[Records from a data source]
┌────────

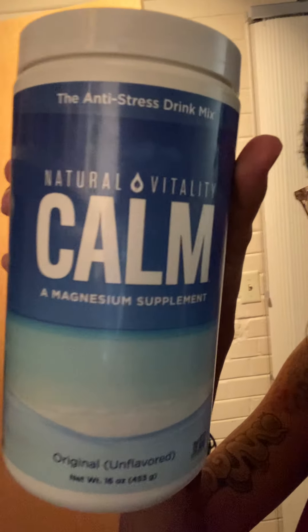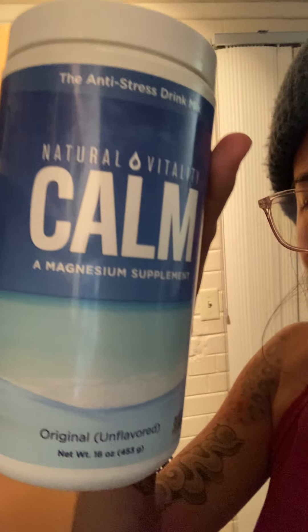You have to be sure to start out with a low dosage because it takes your body a little while to get used to it. I use Natural Vitality Calm original unflavored, and there's a lot of things to delve into with that.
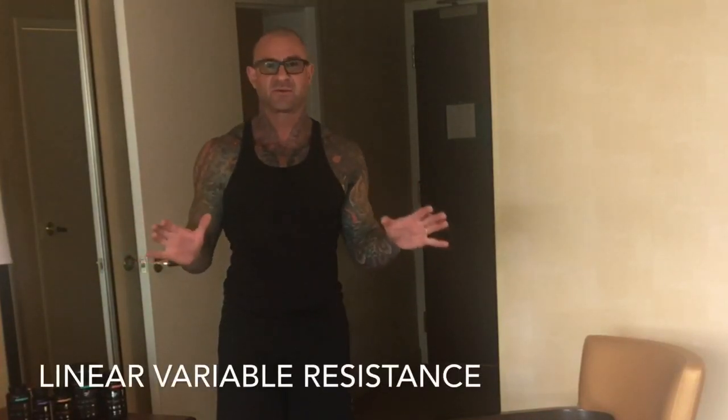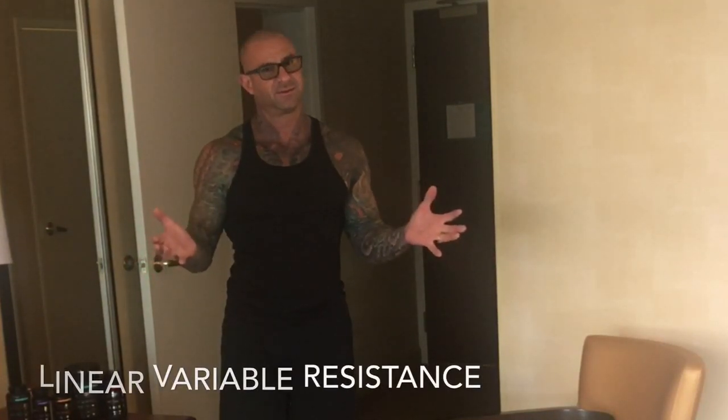You'll see me do this exercise a lot in the gym with bands or with cables. Cables are providing the same type of horizontal and vertical resistance. The difference between bands and cables is that the bands get harder the further you pull them — so you're getting that linear variable resistance, which is great for building power and strength. With cables, you'll still get that free range of motion in any direction while getting resistance. However, you won't get that linear variable resistance.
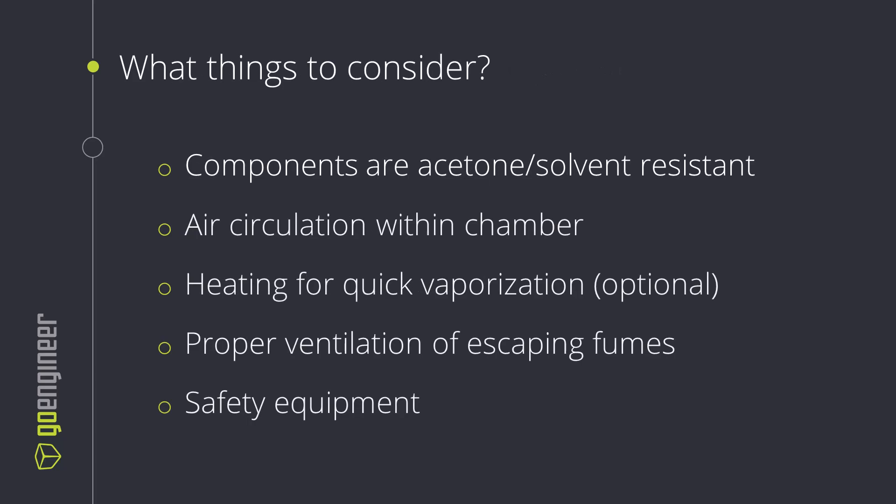Now what are the different things we want to consider when we build our vapor smoothing station? We want to make sure that all the components involved are going to be resistant to the different acetone or other solvents we're going to use. We potentially want some air circulation inside the chamber, making sure we're distributing that solvent everywhere. We might want to consider heating to accelerate that process and make sure it turns into vapor as quickly as possible. We always want to make sure we have proper ventilation and other safety measures because we're dealing with somewhat volatile liquids with different flashpoints.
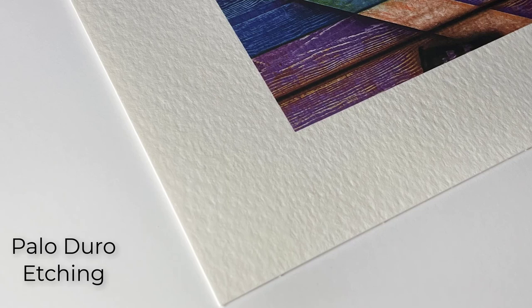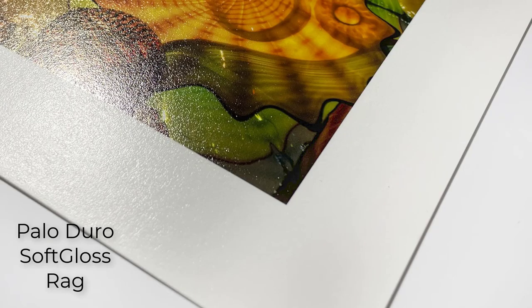The next paper is Palo Duro Etching, which is a cold press or watercolor paper — a very thick, textured paper if you want a textured cotton rag look. And the final paper we have is Palo Duro Soft Gloss Rag, which is very unique because it has a semi-gloss finish on top of a rag paper. No resin, therefore no acidity, still museum grade, but it has that semi-gloss finish which will make your prints vibrant and very colorful — similar to a baryta paper finish with that darkroom look to it.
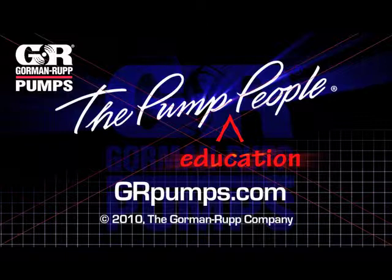For more information on pump hydraulics, equipment, or application engineering, watch Gorman Rupp's YouTube channel and visit us at GRPumps.com.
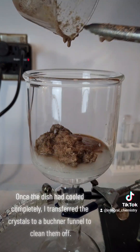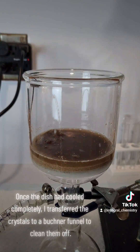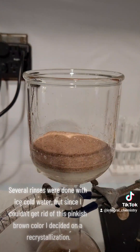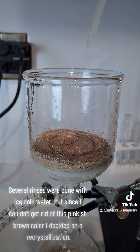Once the dish had cooled completely, I transferred the crystals to a Buchner funnel to clean them off. Several rinses were done with ice-cold water, but since I couldn't get rid of this pinkish-brown color, I decided on a recrystallization.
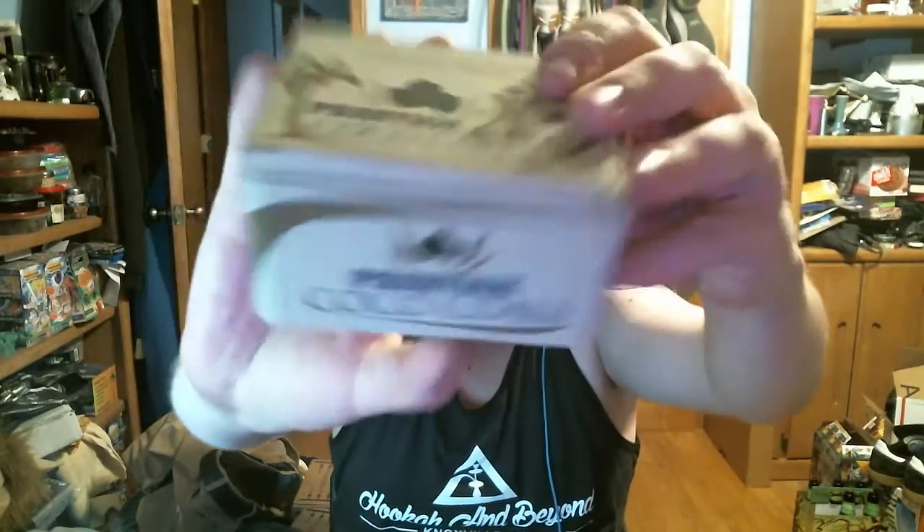I'm reviewing the Prestige Coco Coals. These guys got a hold of me on Facebook through the Hookah Enthusiasts group — shout out to Hookah Enthusiasts, shout out to Hookah and Beyond, Adam, you know who you are. Product placement — Prestige Coco Coals. They were really cool to send me a box, and I've been using them for about a week now to make sure I got a good sense for them.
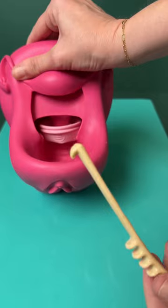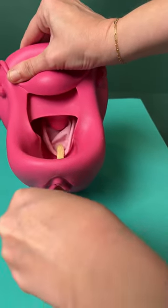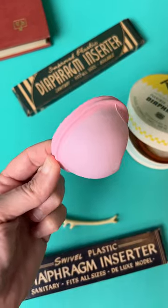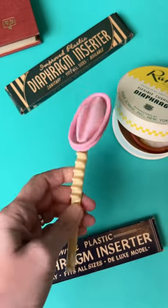They recommend for removal to turn it around, hook the top of the rim, and pull downward — but if you're using this for periods, that would be a mess. Tools are always more difficult to use because they don't have the same sense of touch as your hand. Full disclosure: I have not tried this yet because it's vintage.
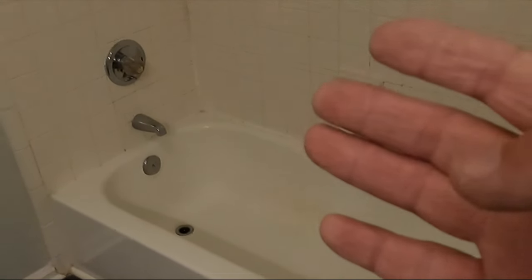I did a survey recently on my channel about what kind of videos you want to see. One option was doing a fast-speed video with commentary behind it, so I'm not going to go through the process step by step — I'm going to talk behind this video. This is a tub-to-shower conversion, which I do pretty frequently.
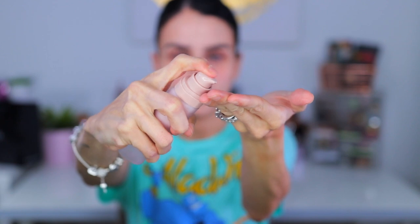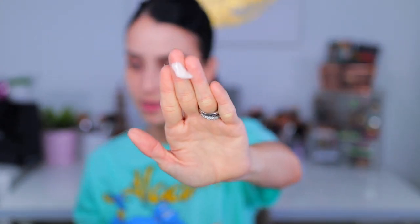I prepped my skin with regular moisturizer, then applied a couple of squirts of the primer. It is a beautiful light pink shade, smells like Fenty, and feels super moisturizing. The primer claims instant hydration and a soft silk finish — it doesn't say anything specifically about pores, but we'll see.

└────────

EXERCISE: All of the data needs repeating exactly, but the pictures do not.

EXERCISE RESPONSE:
You have to be sure to start out with a low dosage because it takes your body a little while to get used to it. I use Natural Vitality Calm original unflavored, and there's a lot of things to delve into with that.
You'll see me do this exercise a lot in the gym with bands or with cables. Cables are providing the same type of horizontal and vertical resistance. The difference between bands and cables is that the bands get harder the further you pull them — so you're getting that linear variable resistance, which is great for building power and strength. With cables, you'll still get that free range of motion in any direction while getting resistance. However, you won't get that linear variable resistance.
Now what are the different things we want to consider when we build our vapor smoothing station? We want to make sure that all the components involved are going to be resistant to the different acetone or other solvents we're going to use. We potentially want some air circulation inside the chamber, making sure we're distributing that solvent everywhere. We might want to consider heating to accelerate that process and make sure it turns into vapor as quickly as possible. We always want to make sure we have proper ventilation and other safety measures because we're dealing with somewhat volatile liquids with different flashpoints.
The next paper is Palo Duro Etching, which is a cold press or watercolor paper — a very thick, textured paper if you want a textured cotton rag look. And the final paper we have is Palo Duro Soft Gloss Rag, which is very unique because it has a semi-gloss finish on top of a rag paper. No resin, therefore no acidity, still museum grade, but it has that semi-gloss finish which will make your prints vibrant and very colorful — similar to a baryta paper finish with that darkroom look to it.
For more information on pump hydraulics, equipment, or application engineering, watch Gorman Rupp's YouTube channel and visit us at GRPumps.com.
Once the dish had cooled completely, I transferred the crystals to a Buchner funnel to clean them off. Several rinses were done with ice-cold water, but since I couldn't get rid of this pinkish-brown color, I decided on a recrystallization.
I'm reviewing the Prestige Coco Coals. These guys got a hold of me on Facebook through the Hookah Enthusiasts group — shout out to Hookah Enthusiasts, shout out to Hookah and Beyond, Adam, you know who you are. Product placement — Prestige Coco Coals. They were really cool to send me a box, and I've been using them for about a week now to make sure I got a good sense for them.
They recommend for removal to turn it around, hook the top of the rim, and pull downward — but if you're using this for periods, that would be a mess. Tools are always more difficult to use because they don't have the same sense of touch as your hand. Full disclosure: I have not tried this yet because it's vintage.
I did a survey recently on my channel about what kind of videos you want to see. One option was doing a fast-speed video with commentary behind it, so I'm not going to go through the process step by step — I'm going to talk behind this video. This is a tub-to-shower conversion, which I do pretty frequently.
I prepped my skin with regular moisturizer, then applied a couple of squirts of the primer. It is a beautiful light pink shade, smells like Fenty, and feels super moisturizing. The primer claims instant hydration and a soft silk finish — it doesn't say anything specifically about pores, but we'll see.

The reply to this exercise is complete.